══ EXERCISE MATERIAL ══
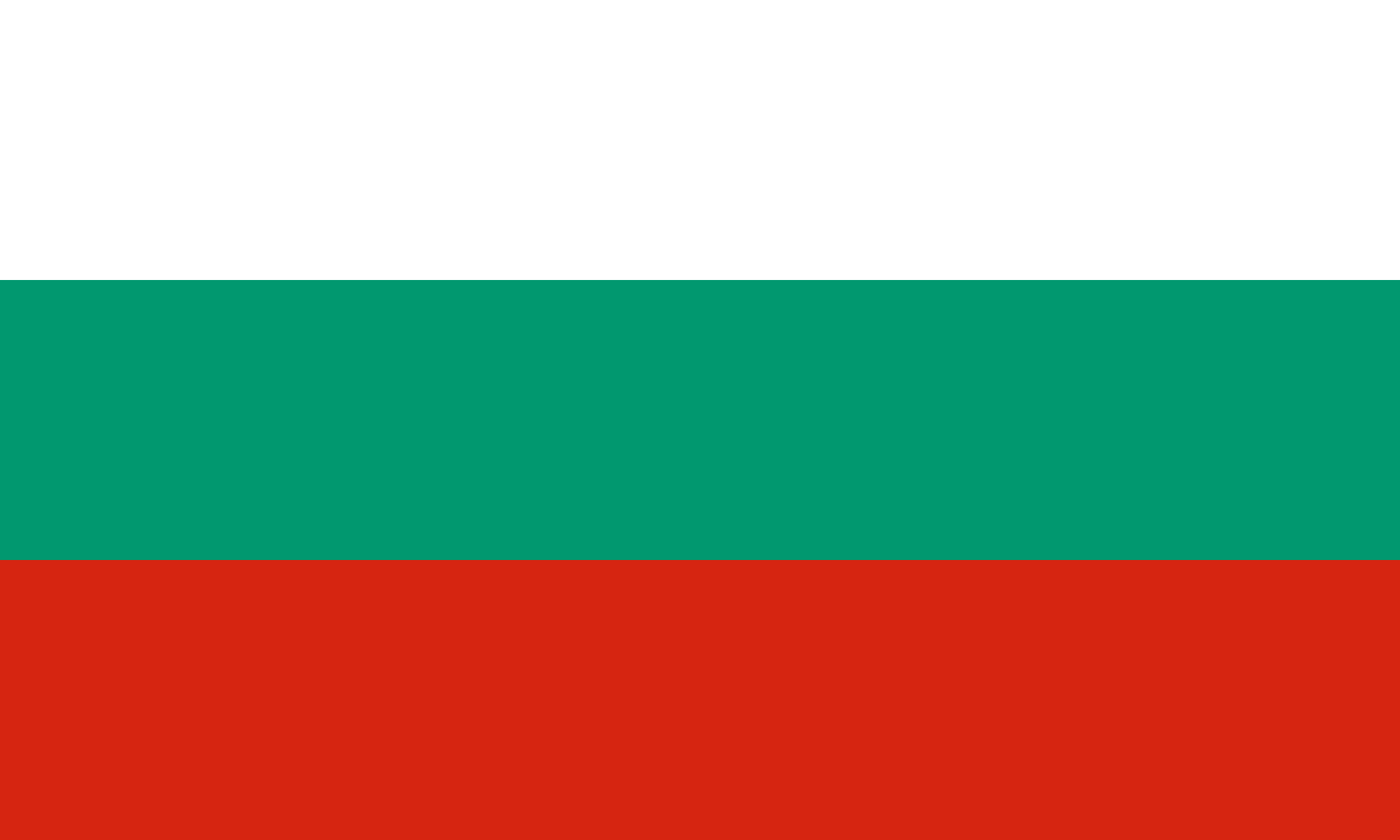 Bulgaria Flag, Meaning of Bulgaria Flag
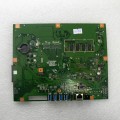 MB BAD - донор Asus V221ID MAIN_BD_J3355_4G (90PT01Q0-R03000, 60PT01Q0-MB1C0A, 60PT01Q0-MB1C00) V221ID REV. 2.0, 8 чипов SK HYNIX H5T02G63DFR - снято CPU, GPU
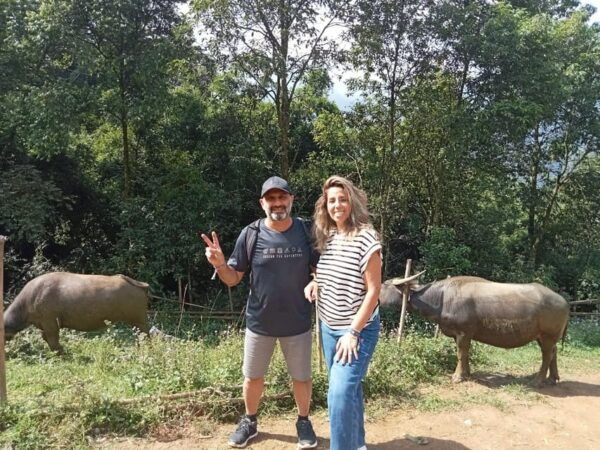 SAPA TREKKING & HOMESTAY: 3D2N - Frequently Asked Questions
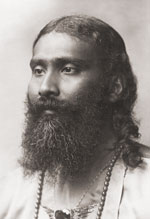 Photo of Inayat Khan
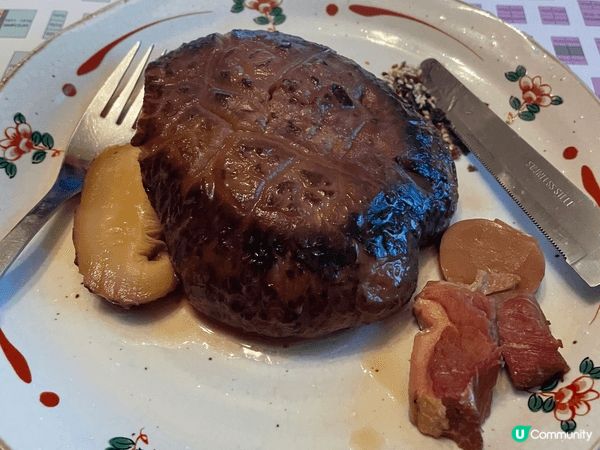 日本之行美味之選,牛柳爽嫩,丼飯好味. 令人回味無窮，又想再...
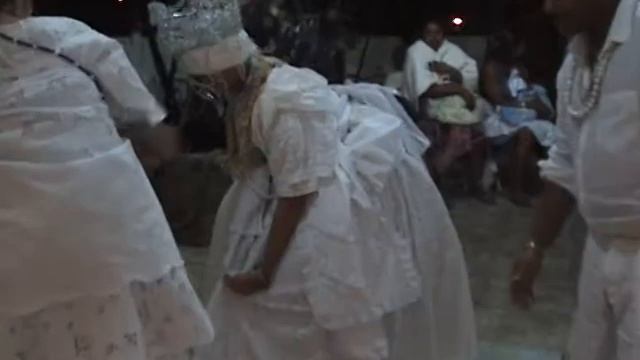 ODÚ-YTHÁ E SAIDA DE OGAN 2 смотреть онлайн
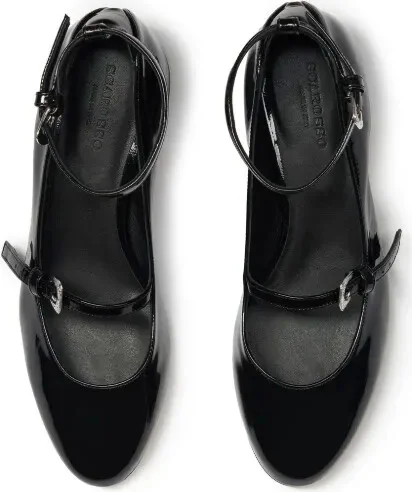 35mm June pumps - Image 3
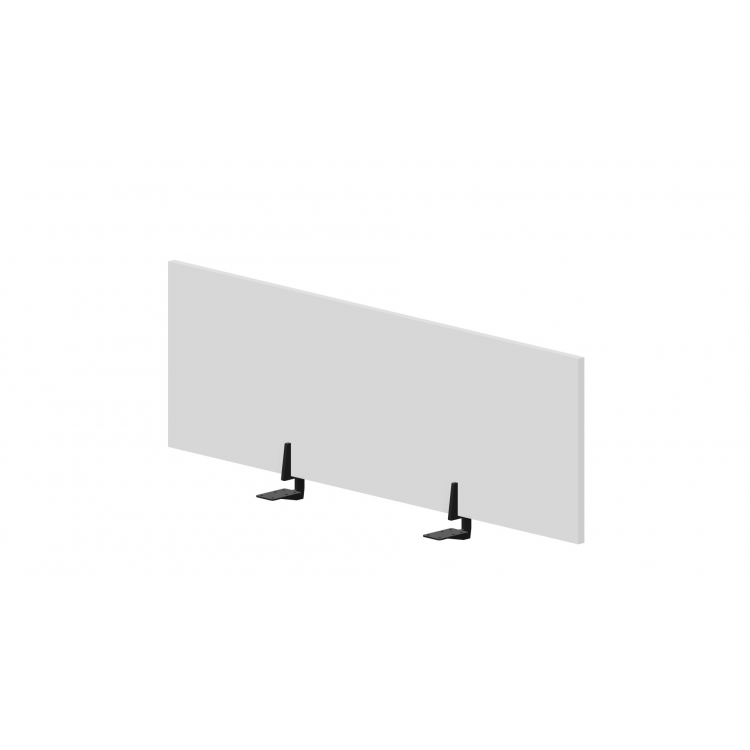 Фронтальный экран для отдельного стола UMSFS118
═══
(EXERCISE DESCRIPTION): Drop the pictures and give every line above again exactly.

(SOLUTION):
 Bulgaria Flag, Meaning of Bulgaria Flag
 MB BAD - донор Asus V221ID MAIN_BD_J3355_4G (90PT01Q0-R03000, 60PT01Q0-MB1C0A, 60PT01Q0-MB1C00) V221ID REV. 2.0, 8 чипов SK HYNIX H5T02G63DFR - снято CPU, GPU
 SAPA TREKKING & HOMESTAY: 3D2N - Frequently Asked Questions
 Photo of Inayat Khan
 日本之行美味之選,牛柳爽嫩,丼飯好味. 令人回味無窮，又想再...
 ODÚ-YTHÁ E SAIDA DE OGAN 2 смотреть онлайн
 35mm June pumps - Image 3
 Фронтальный экран для отдельного стола UMSFS118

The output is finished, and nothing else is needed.